Requirement:
In the entries below, find the lines that contain the word "Power" and copy them.

[Records Boundary: Start]

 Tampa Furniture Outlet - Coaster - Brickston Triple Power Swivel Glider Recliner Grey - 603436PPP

[Records Boundary: End]
[Records Boundary: Start]

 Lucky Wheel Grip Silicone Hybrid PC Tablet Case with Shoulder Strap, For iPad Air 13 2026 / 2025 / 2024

[Records Boundary: End]
[Records Boundary: Start]

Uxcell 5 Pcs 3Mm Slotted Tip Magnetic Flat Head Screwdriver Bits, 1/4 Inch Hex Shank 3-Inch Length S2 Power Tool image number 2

[Records Boundary: End]

Response below:
 Tampa Furniture Outlet - Coaster - Brickston Triple Power Swivel Glider Recliner Grey - 603436PPP
Uxcell 5 Pcs 3Mm Slotted Tip Magnetic Flat Head Screwdriver Bits, 1/4 Inch Hex Shank 3-Inch Length S2 Power Tool image number 2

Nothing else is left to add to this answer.